Boutiques physiques : la fin de l’euphorie
Le parc de boutiques illustre bien ce passage à l’âge adulte. La France compte aujourd’hui environ 2 000 commerces spécialisés, et certaines estimations anticipent le franchissement de la barre des 2 500 points de vente. Mais derrière ce chiffre se cache une recomposition permanente : pour chaque ouverture, des enseignes fragiles ferment.
On distingue généralement trois temps. La phase d’euphorie, entre 2018 et 2020, a vu fleurir des boutiques dans presque chaque rue commerçante, souvent sans véritable projet. La phase de consolidation, de 2021 à 2023, a fait le tri : les concepts flous ont disparu, tandis que les acteurs sérieux gagnaient des parts de marché. Depuis 2024, c’est la professionnalisation qui domine, avec des réseaux structurés, des franchises et des exigences de gestion accrues.
Sur le plan économique, une boutique réalise en moyenne un chiffre d’affaires annuel compris entre 150 000 et 300 000 euros, avec de fortes disparités selon l’emplacement, la zone de chalandise et la qualité de l’offre. L’écart se creuse nettement entre un point de vente bien situé et professionnel et une boutique d’opportunité ouverte sans stratégie claire.
E-commerce et boutiques : la complémentarité plutôt que l’opposition
La montée de la vente en ligne ne sonne pas le glas des boutiques physiques. En 2026, la logique dominante est celle de la complémentarité. De nombreuses marques adoptent une stratégie hybride : une présence en ligne pour la visibilité, la pédagogie et le volume, et des points de vente physiques pour le conseil et la relation client.
Le commerce en ligne séduit par sa capacité à toucher une audience large sans contrainte géographique, ainsi que par la transparence qu’il permet : fiches produits détaillées, certificats d’analyse et contenus informatifs.
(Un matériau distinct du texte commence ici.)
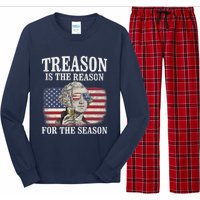 Treason Is The Reason For The Season 4th Of July Funny Retro Long Sleeve Pajama Set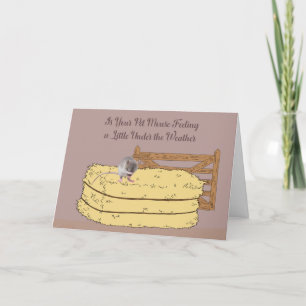 Cartão De Agradecimento Consiga uma placa de serviço para o rato doente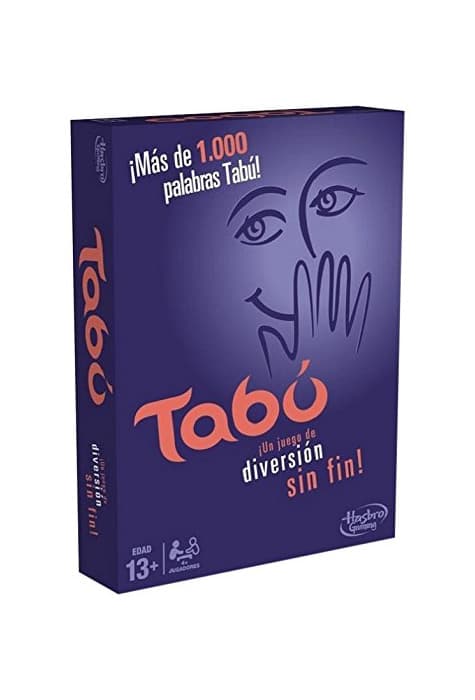 Product Hasbro Gaming- Gaming Tabú Clásico, 26.7 x 20.1 x 5.1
La boutique physique conserve pour sa part un atout difficile à répliquer, le conseil personnalisé. En magasin, le client peut poser ses questions, découvrir les produits et être orienté selon ses besoins. Les deux canaux se renforcent plus qu’ils ne s’opposent.
La qualité, nouveau terrain de différenciation
Si le marché se structure, c’est aussi parce que la qualité est devenue un enjeu central. Une étude de la MILDECA menée entre 2022 et 2023 sur 223 produits achetés au hasard avait révélé que 81 % d’entre eux affichaient une teneur en CBD non conforme à leur étiquetage. Ce constat a durablement marqué les esprits et nourri la défiance d’une partie des consommateurs.
Le durcissement réglementaire accélère le mouvement. Depuis le 15 mai 2026, l’administration applique de manière stricte le règlement Novel Food aux denrées et compléments alimentaires à base de CBD, sans délai de grâce. Pour les boutiques comme pour les marques, la traçabilité, les analyses de laboratoire et la conformité ne sont plus de simples arguments marketing mais des conditions d’accès au marché. Dans ce contexte, les acteurs capables de garantir l’origine et la composition de leurs produits disposent d’un avantage concurrentiel décisif.
À noter — Le CBD n’est pas un médicament. Cet article est purement informatif et ne constitue pas un avis médical.
Conclusion
Le marché français du CBD entre dans une phase de maturité où la croissance se double d’une sélection. Le cap du milliard d’euros, s’il est franchi, ne profitera pas uniformément à tous : il récompensera les acteurs professionnels, transparents et capables de combiner présence en ligne et conseil de proximité. Pour les consommateurs, cette structuration est plutôt une bonne nouvelle, synonyme de produits mieux contrôlés et d’un accompagnement de meilleure qualité. La filière, longtemps perçue comme instable, ressemble de plus en plus à un secteur de consommation comme les autres.